January 6, 2009
Review by Music Musigs and Miscellani
A JOURNEY DOWN THE WELL - Sorry Monsters, I Have To Grow
link of the review
The general tone and mood of a year can often be reflected in its music. If the first new record I’ve heard in 2009 is the soundtrack to the coming months, then I think I’ll just hide under my duvet until 2010 rolls along.
A Journey Down the Well are a trio of two Swedes and a Turk (Martin Bjelfvenstam, Anna Erneman and Taner Torun) who make music that fits the bag marked post-rock / neo-classical crossover, but who sound very little like most of the acts who share that increasingly overfull niche. There are no grandstanding displays of virtuosity, and no warm, lush and comforting pieces. This is music that is fairly sparse, and exceedingly bleak.
Sorry Monsters, I Have to Grow is an explicitly political album. As is often the case when writers use a language that is not their first, the lyrics often have a strange turn of phrase and an unintentional ambiguity that somehow works. The words on “Happy Bird Day”, for example, don’t read well, but fit the music. It’s a plea against intolerance and bigotry that is coupled with a desolate backing that seems to be resigned to that plea falling on deaf ears.
On the first two tracks, the trio are aided by the Strandvägen Choir whose mournful, phonetic phrasings make them sound more like a ragged band of refugees than a classical chorus. “Sugarman” is a jarring track. Its eerie cello figure and voice sound like the embodiment of human suffering. “They create a history out of lies and they call it future” is the age old, but still depressingly true, complaint that history is written by the winners and the powerful.
There are moments when the generally oppressive atmosphere is lifted. “I Will Never Become What I’m Afraid Of” is a charmingly ragged ballad, and “Two Beautiful Swans in a Dirty Lake” is a richly beautiful violin / cello duet. It opens with a robotic evangelist (is there any other kind?) seeing Heaven in a vision of two swans on a dirty lake. Christians do have that cheesy tendency to proclaim as miracles anything that is out of the ordinary or unexpected, but the juxtaposition of beauty amongst filth is more a general metaphor of hope amongst despair.
The moments of hope, though, are fleeting. “New Abandoned Places on Earth” is a percussion-heavy epic instrumental that has echoes of post-punk acts like 23 Skidoo and Savage Republic.

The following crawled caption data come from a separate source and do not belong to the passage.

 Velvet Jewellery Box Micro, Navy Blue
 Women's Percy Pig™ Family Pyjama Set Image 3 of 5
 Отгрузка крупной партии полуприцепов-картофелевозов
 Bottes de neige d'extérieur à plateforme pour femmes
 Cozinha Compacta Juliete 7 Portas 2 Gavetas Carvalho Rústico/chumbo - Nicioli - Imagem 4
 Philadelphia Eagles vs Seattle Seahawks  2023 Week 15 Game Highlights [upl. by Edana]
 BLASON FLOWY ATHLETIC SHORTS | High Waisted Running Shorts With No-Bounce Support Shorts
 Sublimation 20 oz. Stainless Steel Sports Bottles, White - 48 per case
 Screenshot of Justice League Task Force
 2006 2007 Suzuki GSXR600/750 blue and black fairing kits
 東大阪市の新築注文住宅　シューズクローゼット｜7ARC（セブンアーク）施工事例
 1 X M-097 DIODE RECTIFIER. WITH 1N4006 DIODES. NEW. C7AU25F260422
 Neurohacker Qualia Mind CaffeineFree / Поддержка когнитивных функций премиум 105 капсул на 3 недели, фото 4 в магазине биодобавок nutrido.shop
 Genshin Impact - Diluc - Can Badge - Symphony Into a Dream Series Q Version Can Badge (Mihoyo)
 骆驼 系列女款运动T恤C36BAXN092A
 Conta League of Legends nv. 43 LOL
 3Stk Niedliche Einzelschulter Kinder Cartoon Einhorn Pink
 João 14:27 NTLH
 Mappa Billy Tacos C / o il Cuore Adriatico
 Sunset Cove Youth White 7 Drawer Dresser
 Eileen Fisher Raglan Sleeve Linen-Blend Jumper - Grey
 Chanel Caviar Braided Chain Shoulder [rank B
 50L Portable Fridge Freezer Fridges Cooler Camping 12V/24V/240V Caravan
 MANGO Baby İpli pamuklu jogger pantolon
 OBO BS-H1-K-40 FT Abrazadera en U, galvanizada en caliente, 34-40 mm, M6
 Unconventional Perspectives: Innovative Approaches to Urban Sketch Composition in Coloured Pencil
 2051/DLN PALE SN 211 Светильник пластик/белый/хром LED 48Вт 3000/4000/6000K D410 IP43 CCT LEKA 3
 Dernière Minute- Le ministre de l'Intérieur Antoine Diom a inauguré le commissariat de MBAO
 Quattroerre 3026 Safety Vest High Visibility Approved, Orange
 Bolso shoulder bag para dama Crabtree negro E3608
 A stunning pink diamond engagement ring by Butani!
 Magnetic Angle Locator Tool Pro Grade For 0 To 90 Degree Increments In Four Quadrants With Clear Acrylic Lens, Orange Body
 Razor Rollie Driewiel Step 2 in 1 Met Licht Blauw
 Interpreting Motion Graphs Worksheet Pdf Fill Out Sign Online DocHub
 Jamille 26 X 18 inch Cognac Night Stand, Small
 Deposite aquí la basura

As the US-backed Israeli forces wreak havoc and death upon the civilians of Gaza, it’s a chillingly apt and timely piece of music.
Sorry Monsters, I Have to Grow has some parallels with recent albums by A Silver Mt Zion. But where the Canadians never let go of the hope for a better world, A Journey Down the Well seem to despair that nothing can change, and that the weak and defenceless will always be the victims of the powerful. Like Towering Inferno’s Kaddish, it’s not always an easy album to listen to, but nevertheless a brave and ambitious work that deserves to be heard.